Y así fue. Tardó el tren 3 horas en llegar a destino por lo que eran casi las tres de la tarde cuando llegamos a Pamplona. Montando la rueda delantera y las alforjas inicié el ascenso desde la estación ferroviaria hasta la estación de autobuses, en lo alto de la ciudad. Estas primeras pedaladas bajo el calor de las tres de la tarde, bordeando el parque de la Taconera, cuesta arriba, me enseñaron a no tener prisa y buscar la sombra en mi propia sombra. La moderna estación de autobuses de Pamplona con sus múltiples muelles, escaleras mecánicas y ascensores me acogió. Pude comprobar, en primer lugar, que la ventanilla de la empresa Artieda, que cubría el servicio a Roncesvalles, abriría para la venta a las cuatro de la tarde. ¡Genial!
Hasta las seis de la tarde no saldría el bus por lo que me di una vuelta con la bici por los alrededores. Llegada la hora, me dirigí al andén en el que entablé conversación con una valenciana (Celieta) que también haría el Camino en bici. Ayudamos al conductor a meter las bicis en el maletero del bus que, aunque bregado en ello, siempre lo agradece y salimos rumbo a las estrellas.
La conversación en el bus me demostraría lo diferentes que eramos Celia y yo como bicigrinos: ella planteaba el Camino desde una óptica muy viajera e independiente, portando un hornillo para prepararse la comida y exponiendo la poca necesidad que sentía por dormir a cubierto. Yo, sin embargo, tenía la intención de comer donde me asaltase el hambre, beber donde tuviese sed y dormir allá donde hubiese un techo y una ducha disponibles. Soy así, un sibarita.
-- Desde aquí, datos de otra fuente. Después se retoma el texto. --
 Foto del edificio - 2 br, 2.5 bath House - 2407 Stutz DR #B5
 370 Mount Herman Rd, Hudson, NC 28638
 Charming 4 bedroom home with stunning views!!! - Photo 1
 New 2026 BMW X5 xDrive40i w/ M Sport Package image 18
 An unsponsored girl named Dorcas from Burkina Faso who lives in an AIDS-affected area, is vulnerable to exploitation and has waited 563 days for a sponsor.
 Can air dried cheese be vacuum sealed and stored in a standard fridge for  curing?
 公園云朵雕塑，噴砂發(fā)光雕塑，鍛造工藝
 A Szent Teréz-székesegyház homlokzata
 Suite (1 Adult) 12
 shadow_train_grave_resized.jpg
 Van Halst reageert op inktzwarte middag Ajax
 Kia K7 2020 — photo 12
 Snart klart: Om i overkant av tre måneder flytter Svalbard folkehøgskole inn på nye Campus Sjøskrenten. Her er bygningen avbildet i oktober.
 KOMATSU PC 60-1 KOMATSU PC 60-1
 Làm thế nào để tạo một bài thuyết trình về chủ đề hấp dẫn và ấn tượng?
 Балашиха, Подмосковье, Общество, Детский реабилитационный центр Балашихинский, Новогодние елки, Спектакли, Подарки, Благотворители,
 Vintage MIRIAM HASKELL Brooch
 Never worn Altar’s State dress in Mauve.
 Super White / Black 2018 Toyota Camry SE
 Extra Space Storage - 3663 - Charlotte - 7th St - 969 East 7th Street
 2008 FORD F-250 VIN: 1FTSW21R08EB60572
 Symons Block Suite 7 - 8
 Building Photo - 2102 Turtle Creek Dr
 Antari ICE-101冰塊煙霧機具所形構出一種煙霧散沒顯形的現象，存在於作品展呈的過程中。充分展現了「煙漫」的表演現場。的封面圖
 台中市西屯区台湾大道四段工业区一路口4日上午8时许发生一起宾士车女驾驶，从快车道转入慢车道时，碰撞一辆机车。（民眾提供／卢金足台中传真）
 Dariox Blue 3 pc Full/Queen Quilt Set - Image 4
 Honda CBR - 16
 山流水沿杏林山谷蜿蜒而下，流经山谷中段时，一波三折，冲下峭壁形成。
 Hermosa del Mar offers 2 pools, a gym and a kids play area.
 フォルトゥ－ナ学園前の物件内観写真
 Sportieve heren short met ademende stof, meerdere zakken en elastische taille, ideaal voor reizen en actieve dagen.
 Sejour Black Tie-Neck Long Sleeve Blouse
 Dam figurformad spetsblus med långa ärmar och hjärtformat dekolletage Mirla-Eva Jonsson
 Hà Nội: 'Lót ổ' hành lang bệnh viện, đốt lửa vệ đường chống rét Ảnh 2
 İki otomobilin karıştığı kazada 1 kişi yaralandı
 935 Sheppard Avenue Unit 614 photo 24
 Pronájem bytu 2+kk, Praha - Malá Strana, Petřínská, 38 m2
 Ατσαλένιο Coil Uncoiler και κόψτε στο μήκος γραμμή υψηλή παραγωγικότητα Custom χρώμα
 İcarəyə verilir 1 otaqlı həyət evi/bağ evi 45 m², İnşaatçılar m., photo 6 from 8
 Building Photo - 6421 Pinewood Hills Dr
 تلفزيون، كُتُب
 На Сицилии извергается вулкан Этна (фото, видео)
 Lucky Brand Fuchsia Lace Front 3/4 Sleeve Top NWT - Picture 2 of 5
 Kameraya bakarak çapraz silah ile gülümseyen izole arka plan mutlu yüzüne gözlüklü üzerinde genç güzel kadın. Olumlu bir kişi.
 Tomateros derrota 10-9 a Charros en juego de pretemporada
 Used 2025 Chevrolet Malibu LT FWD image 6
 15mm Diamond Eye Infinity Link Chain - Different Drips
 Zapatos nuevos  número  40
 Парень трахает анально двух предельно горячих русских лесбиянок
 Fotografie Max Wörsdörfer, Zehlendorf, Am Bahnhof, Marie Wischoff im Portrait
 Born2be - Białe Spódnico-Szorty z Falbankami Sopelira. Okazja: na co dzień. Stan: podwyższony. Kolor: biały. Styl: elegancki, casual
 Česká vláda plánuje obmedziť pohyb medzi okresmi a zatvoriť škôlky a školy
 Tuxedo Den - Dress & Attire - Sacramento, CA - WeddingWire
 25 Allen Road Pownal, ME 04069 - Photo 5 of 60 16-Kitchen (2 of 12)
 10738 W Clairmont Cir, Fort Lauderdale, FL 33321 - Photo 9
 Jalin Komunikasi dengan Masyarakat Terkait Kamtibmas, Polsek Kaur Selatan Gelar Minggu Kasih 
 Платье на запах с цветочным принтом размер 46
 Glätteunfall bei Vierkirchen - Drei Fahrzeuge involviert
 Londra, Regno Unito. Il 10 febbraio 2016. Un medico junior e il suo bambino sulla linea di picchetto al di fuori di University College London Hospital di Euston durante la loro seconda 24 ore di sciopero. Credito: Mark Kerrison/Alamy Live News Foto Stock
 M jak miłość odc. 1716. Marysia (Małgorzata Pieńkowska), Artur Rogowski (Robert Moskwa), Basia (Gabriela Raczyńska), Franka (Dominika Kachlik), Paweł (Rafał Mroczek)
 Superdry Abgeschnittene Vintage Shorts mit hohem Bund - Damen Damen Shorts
Al llegar a Roncesvalles, conocimos a un sevillano, Javier, que llevaba también montura y la misma intención que nosotros. Guardamos las “mulas” y tomamos plaza en el albergue de peregrinos, además de poner nuestro primer sello en la Credencial de Peregrino. Tras una ducha más reconfortante por el calor del día que por el cansancio y una vuelta de reconocimiento por los alrededores, cenamos Javier y yo con unas peregrinas japonesas muy simpáticas. En los albergues se impone un horario que parece espartano (a las 10 de la noche cierre, a las siete de la mañana ya casi está vacío) pero pronto te acostumbras e incluso lo entiendes como el más adecuado. Pese al cambio de actividad respecto a mi vida diaria, a la temprana hora en que me fui a dormir, a la cantidad de estrellas que cuajaban el cielo, al volver a dormir en multitudinaria compañía,...pese a todo, dormí de un tirón.